Given a linked list where each node contains a next pointer and an arbitrary pointer to any other node, write a function to deep copy the linked list.


Node Class

Below is the Node class that will represent elements in the linked list.

class Node:
    def __init__(self, value: int, next: 'Node' = None, random: 'Node' = None):
        self.value = value
        self.next = next
        self.random = random

Examples

Some test cases to verify our solution.

five = Node(5)
four = Node(4, next=five)
three = Node(3, next=four)
two = Node(2, next=three)
one = Node(1, next=two)
zero = Node(0, next=one)

five.random = one
four.random = zero
three.random = five
two.random = four
one.random = zero

exp = [(0, 1, None), (1, 2, 0), (2, 3, 4), (3, 4, 5), (4, 5, 0), (5, None, 1)]
head = deep_copy(zero)
res = []
while head is not None:
    next = head.next.value if head.next is not None else None
    random = head.random.value if head.random is not None else None
    res.append((head.value, next, random))
    head = head.next
assert res == exp

Dictionary Solution

We will build the copy linked list and maintain 2 dictionaries, one mapping the original item to its copy and one mapping the copy of an item to the item's random pointer. We will then use these 2 maps to fill in the random pointers for the items in the copy linked list.

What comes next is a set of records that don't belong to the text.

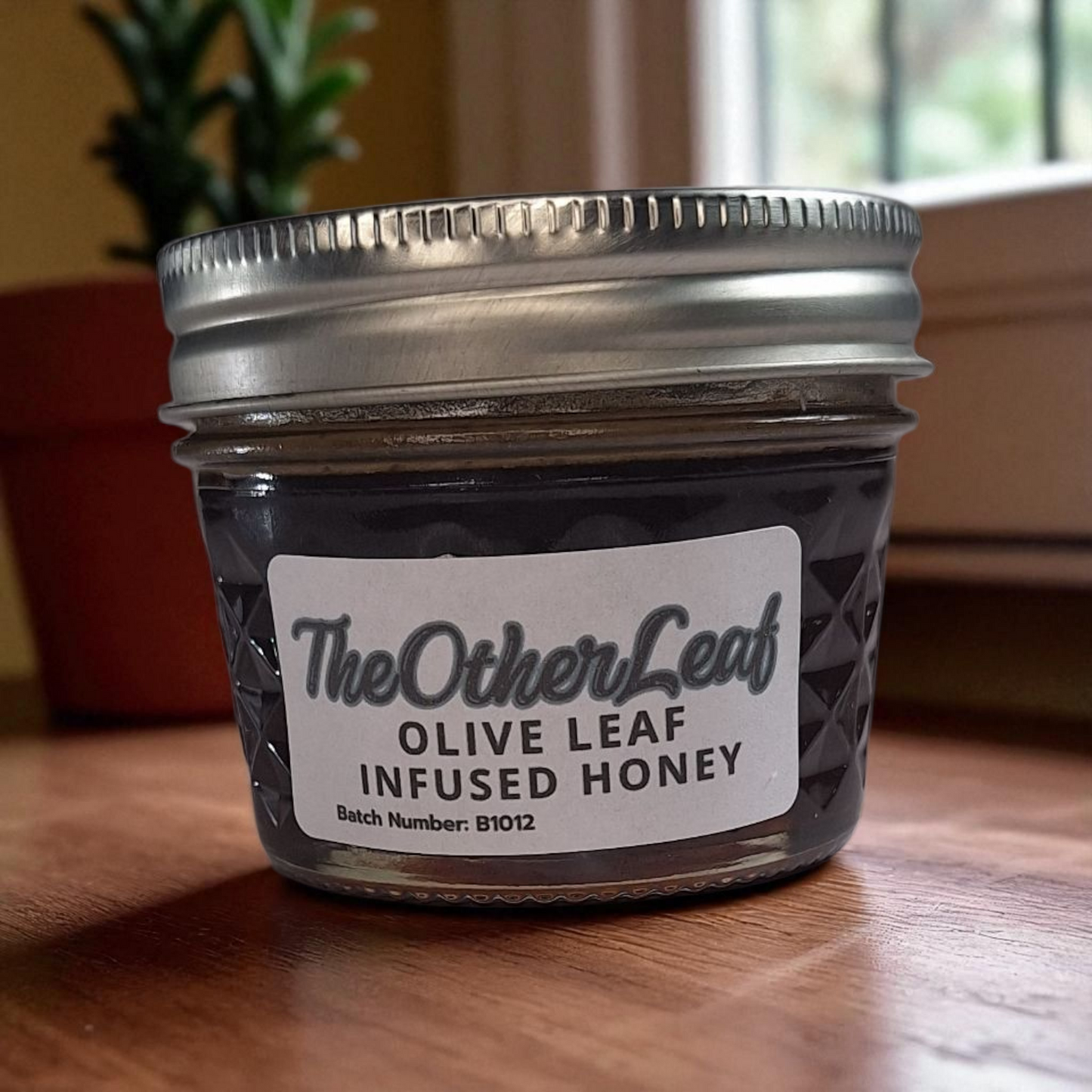 4 oz jar of raw Olive Leaf Infused Honey on a rustic wooden surface, herbal sweetener for tea, wellness tonics, and healthy recipes.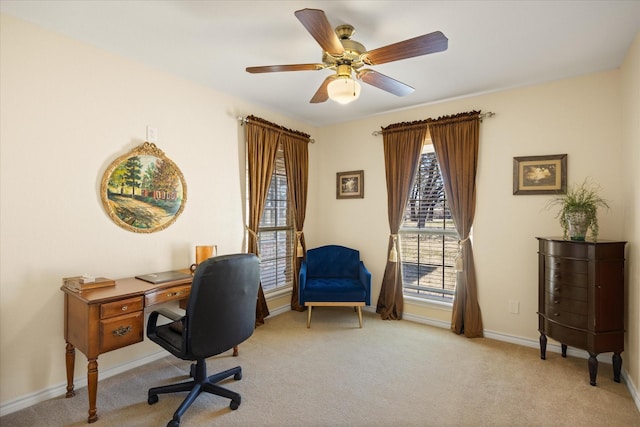 office space with light colored carpet, ceiling fan, and baseboards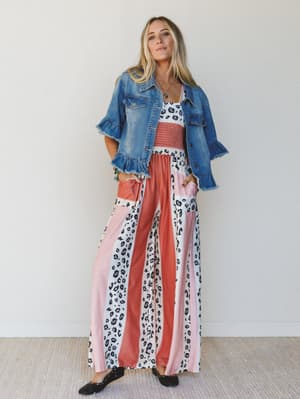 Woman wearing a denim jacket over a colorful, patterned, wide-leg jumpsuit against a white background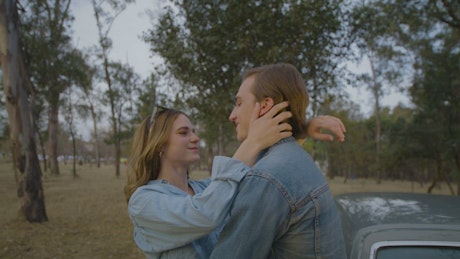 Romantic couple embracing in the middle of a forest.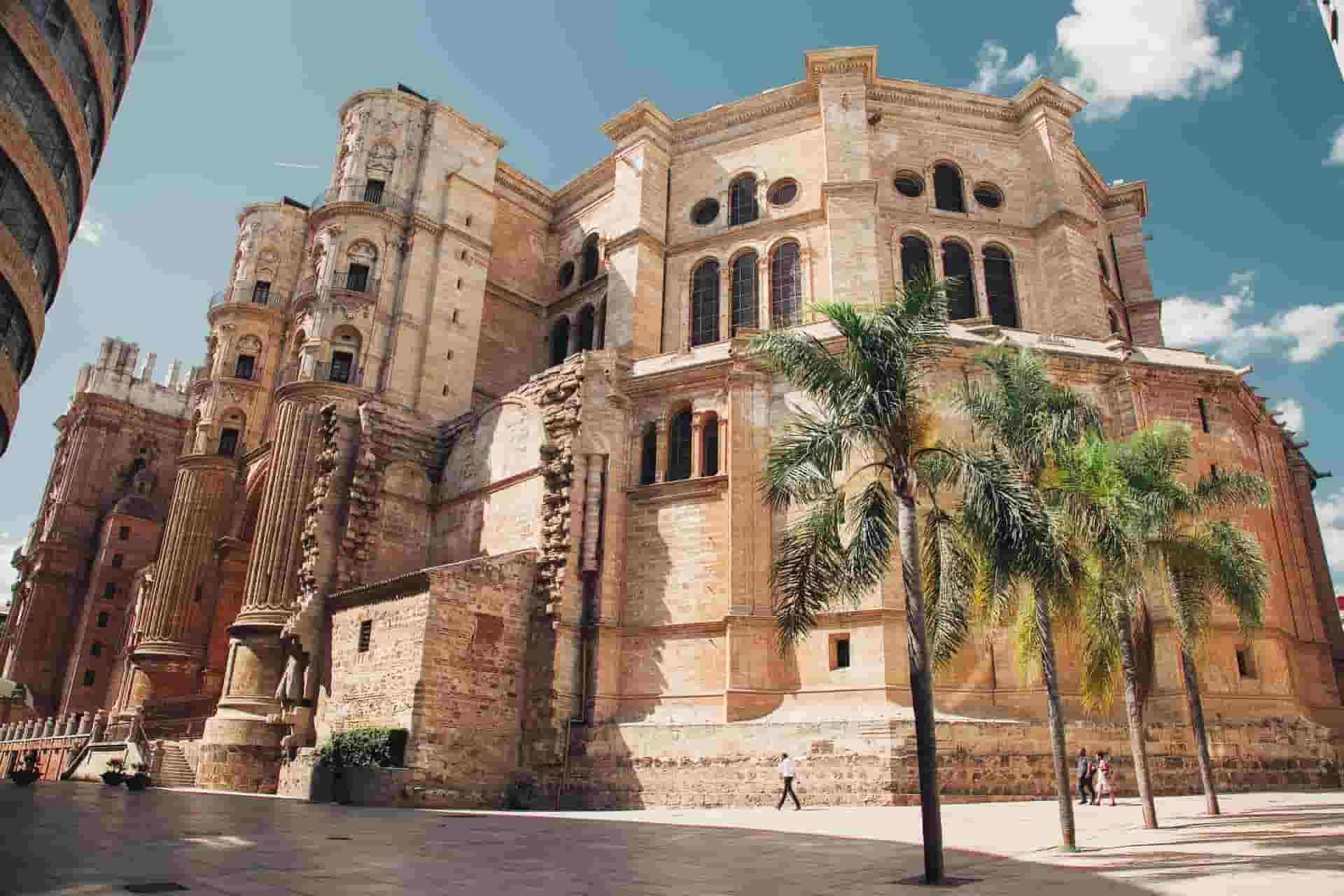 A fountain in the middle of Malaga square surrounded by buildings and palm trees.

def deep_copy(root: Node) -> Node:
    if root is None:
        return None
    head = root
    new_head = Node(head.value)
    prev = new_head
    copy_to_rand = {hash(new_head): hash(head.random)}
    orig_to_copy = {hash(head): new_head}
    while head.next is not None:
        head = head.next
        new_node = Node(head.value)
        prev.next = new_node
        copy_to_rand[hash(new_node)] = hash(head.random)
        orig_to_copy[hash(head)] = new_node
        prev = new_node
    head = new_head
    while head is not None:
        head.random = orig_to_copy.get(copy_to_rand[hash(head)], None)
        head = head.next
    return new_head

Dictionary Solution Complexity

Let $n = $ the number of nodes in the original linked list.

Runtime complexity should be $\Theta(n)$ since we are traversing through the list and its copy once each.

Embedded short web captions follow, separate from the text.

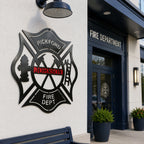 Personalized firefighter maltese cross wall art mounted outside fire department entrance with modern exterior lighting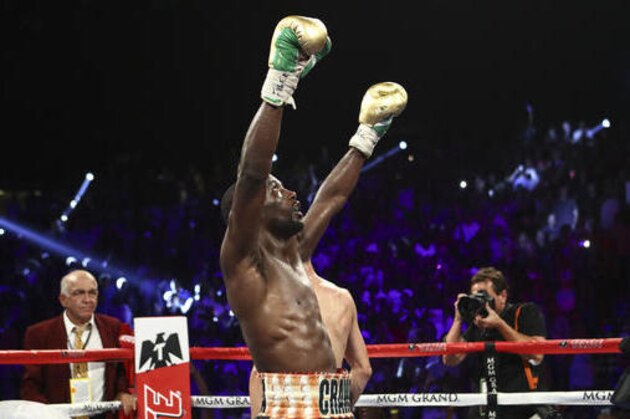 Terence Crawford celebrates after defeating Viktor Postol by unanimous decision in their WBC-WBO junior welterweight title unification bout in Las Vegas on Saturday, July 23, 2016. (AP Photo/Chase Stevens)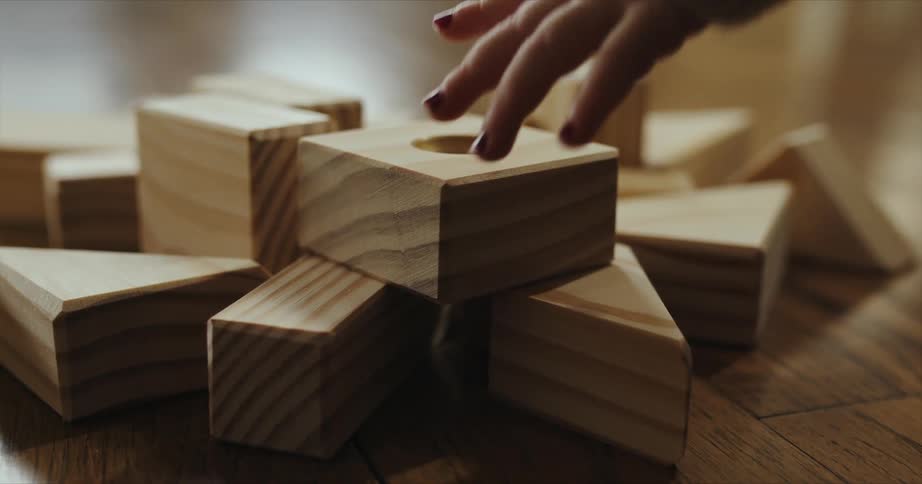 A child is picking up toy blocks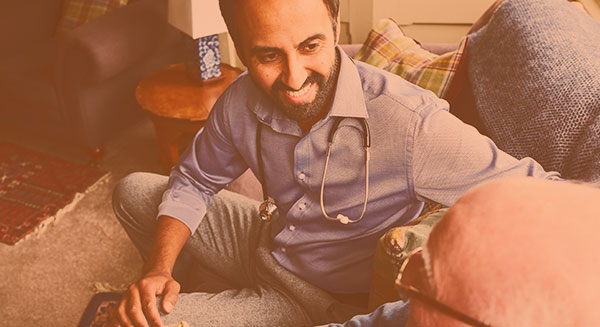 home nurse communicating with patient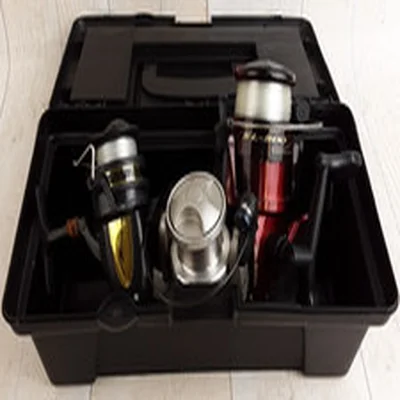 Small tackle box and 3 assorted fishing reels, pre-owned (untested)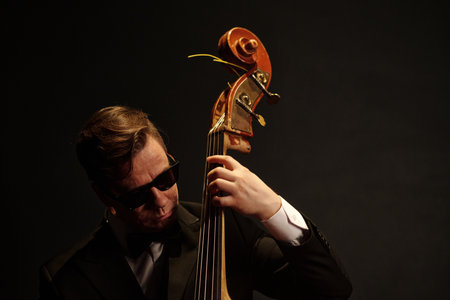 Caucasian man wearing sunglasses playing double bass on stage, focused expression, holding...
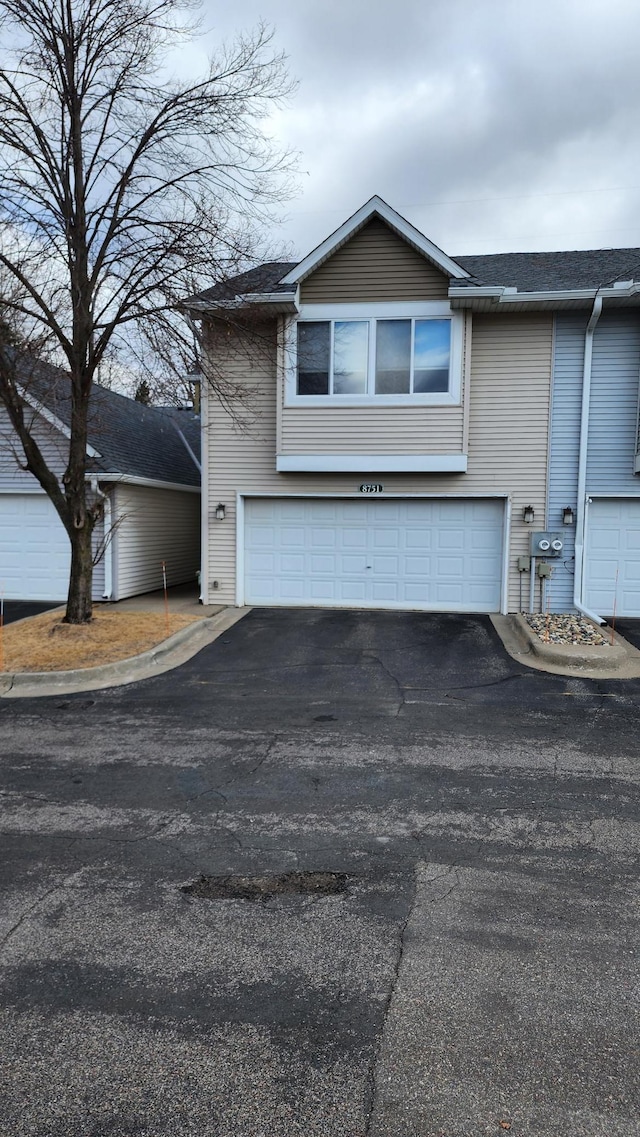 exterior space featuring an attached garage and driveway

Auxiliary space complexity should be $\Theta(n)$ since we are storing 2 dictionaries of size $n$.


Interleaving Pointers Solution

We can reduce auxiliary space complexity by removing the need for the dictionaries.

We will interleave the originals and copies on our first loop. In our second loop, we'll use the random pointers on the originals to set the random pointers on the copies. In our third loop, we'll separate the original and copy linked lists.

def deep_copy(root: Node) -> Node:
    if root is None:
        return None
    ans = Node(value=root.value)
    curr = root.next
    root.next = ans
    ans.next = curr
    while curr is not None:
        copy = Node(value=curr.value)
        tmp = curr.next
        curr.next = copy
        copy.next = tmp
        curr = tmp
    curr = root
    while curr is not None:
        if curr.random is not None:
            curr.next.random = curr.random.next
        curr = curr.next.next
    curr = root
    prev_copy = None
    while curr is not None:
        curr_copy = curr.next
        curr.next = curr.next.next
        if prev_copy is not None:
            prev_copy.next = curr_copy
        curr = curr.next
    return ans

Interleaving Pointers Solution Complexity

Let $n = $ the number of nodes in the linked list.

Runtime complexity should be $\Theta(n)$.

Auxiliary space complexity should be $O(1)$.